● **Task description**
Nothing but the lines below from the one with "Read Fairy Tail" through the one with "Kurtka Dwustronna Ripndip" should be output, each exactly as given, and no pictures.

● **Material to process**

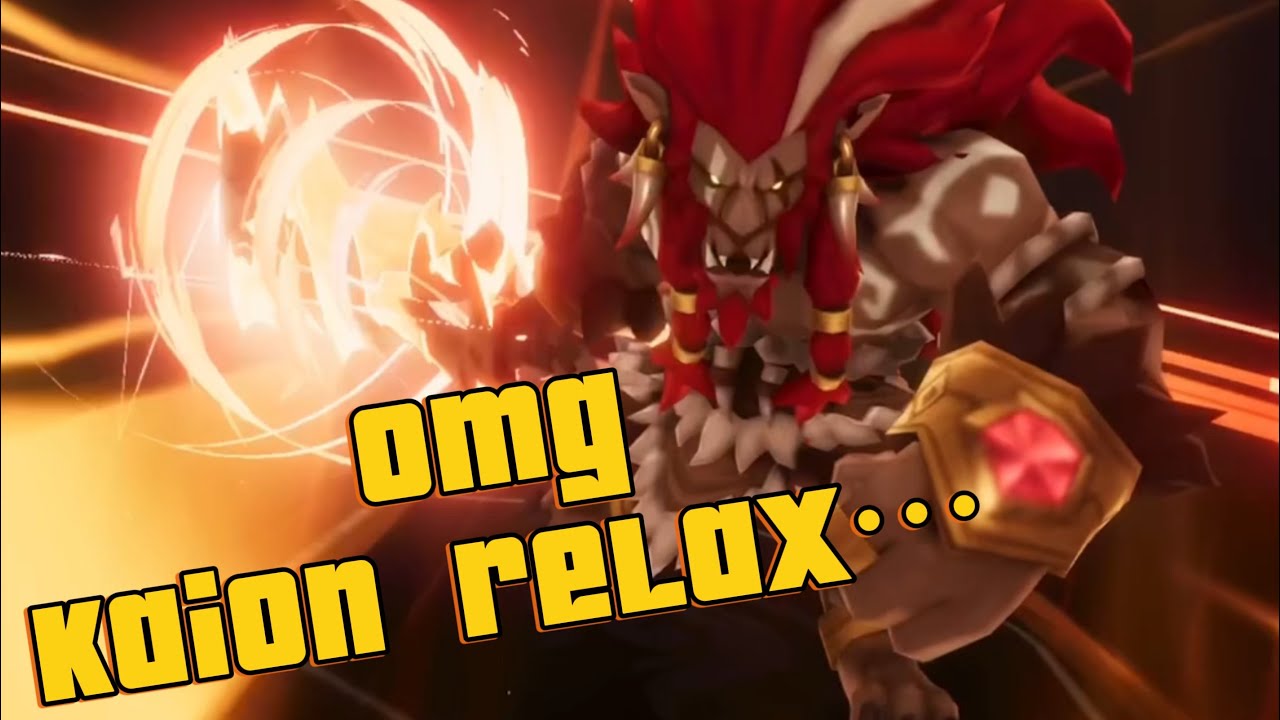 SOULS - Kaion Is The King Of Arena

* * *

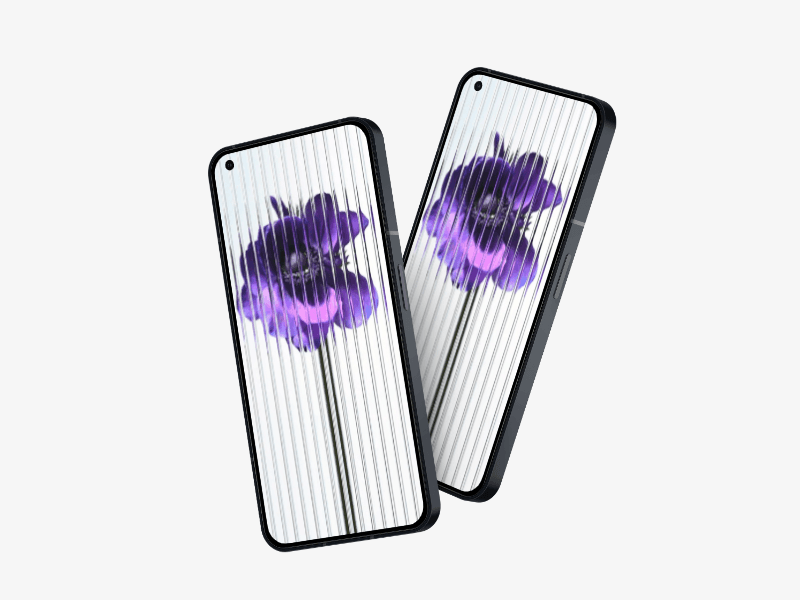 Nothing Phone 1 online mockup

...

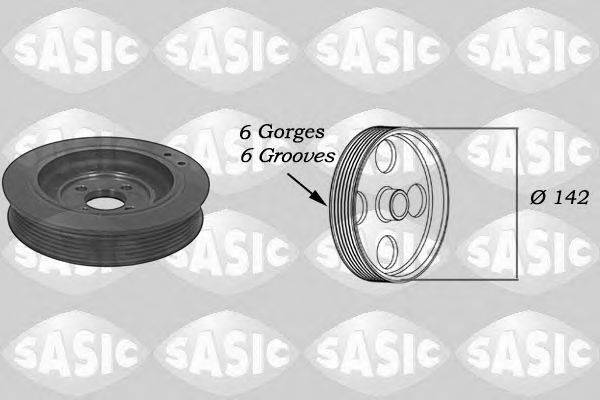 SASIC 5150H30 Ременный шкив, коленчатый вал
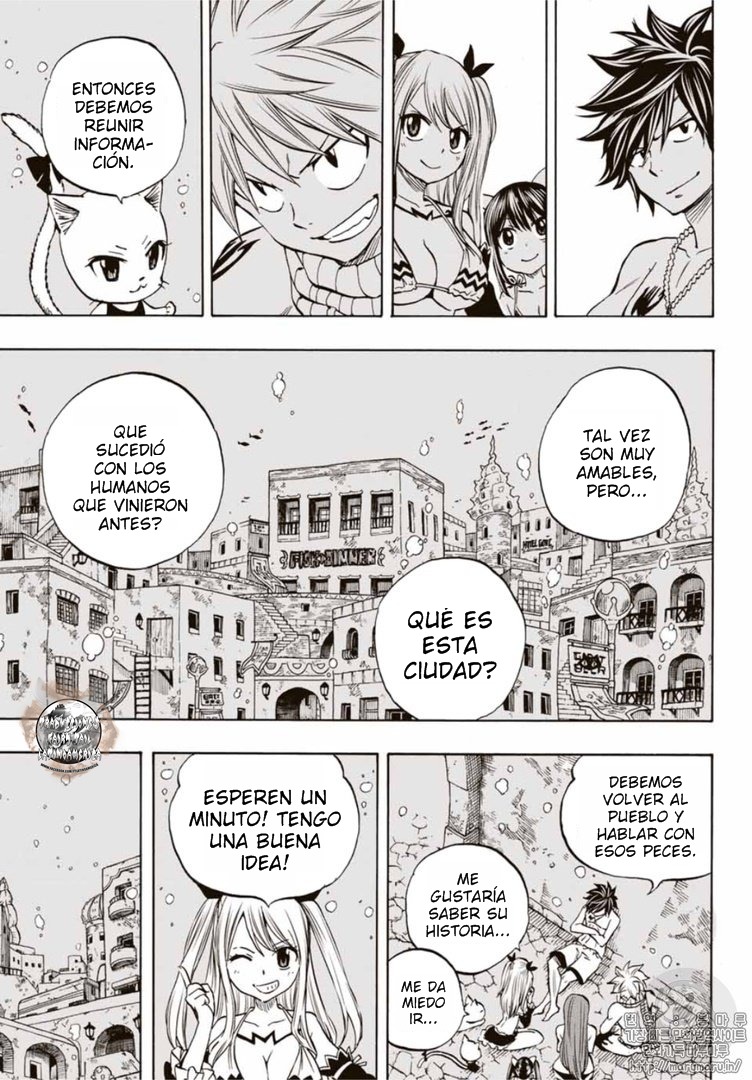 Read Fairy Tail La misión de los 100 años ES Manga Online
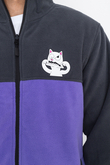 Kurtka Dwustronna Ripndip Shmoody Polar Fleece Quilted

● **Result**
 Read Fairy Tail La misión de los 100 años ES Manga Online
 Kurtka Dwustronna Ripndip Shmoody Polar Fleece Quilted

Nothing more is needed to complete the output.